PTPS-20: THE GD3 ACETYLATION PATHWAY AS A POTENTIAL THERAPEUTIC TARGET FOR PAEDIATRIC MEDULLOBLASTOMA

Medulloblastoma (MB), the most common malignant paediatric brain tumour, is associated with high mortality rates. Survivors frequently suffer from low quality-of-life as a result of aggressive treatment. Genomic studies have led to novel classification of molecularly and clinically distinct subgroups and are paving the way for novel targeted therapies. GD3, an oncofoetal ganglioside is re-expressed in some cancers of the neural crest.
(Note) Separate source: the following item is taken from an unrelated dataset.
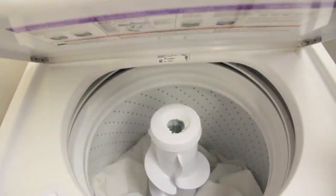Wash your linens in hot water at least once a week. It's important that the water is at least 130 degrees because that's the temperature that will kill the dust mites.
GD3, central to cell movement in developing brain, is internalised during maturation of residual supernumerary cells leading to cell death. When GD3 is re-expressed in cancers, the intracellular form of GD3 is acetylated (GD3^A) and is thought to protect cells from mitochondrially-mediated apoptosis. Sialate-O-acetylesterase (SIAE) is responsible for cleaving the acetyl group from GD3^A. A genome-wide transcriptional analysis of 103 MB patients revealed that this enzyme is significantly down-regulated in MB tissue compared to non-neoplastic foetal and adult brain (p > 0.02). This suggests that GD3^A may be deacetylated at low levels and thus the balance of GD3 to GD3^A favours GD3^A. Using flow cytometry to examine expression, results revealed that in MB cell lines RES256 and UW402 GD3^A expression was higher (84.5% and 74.5%) than GD3 (56.6% and 61.3%) The fluorescent intensity of GD3^A expression was 9.9 and 11.4 fold higher and GD3, 4.4 and 6.1 fold higher than negative controls. Immunocytochemical results were in agreement, providing additional evidence that these cells have a balance in favour of GD3^A. Previous studies from our group have shown that cell surface expression of GD3 correlates with invasion and in MB cell lines tested surface expression was 31.7% and 65.7% compared to GD3^A (29.5% and 11.5%). Inducible SIAE and SIAE catalytically mutated cell lines have been generated and verified in protein and esterase activity assays and will be used to evaluate this pathway as a potential therapeutic target for MB.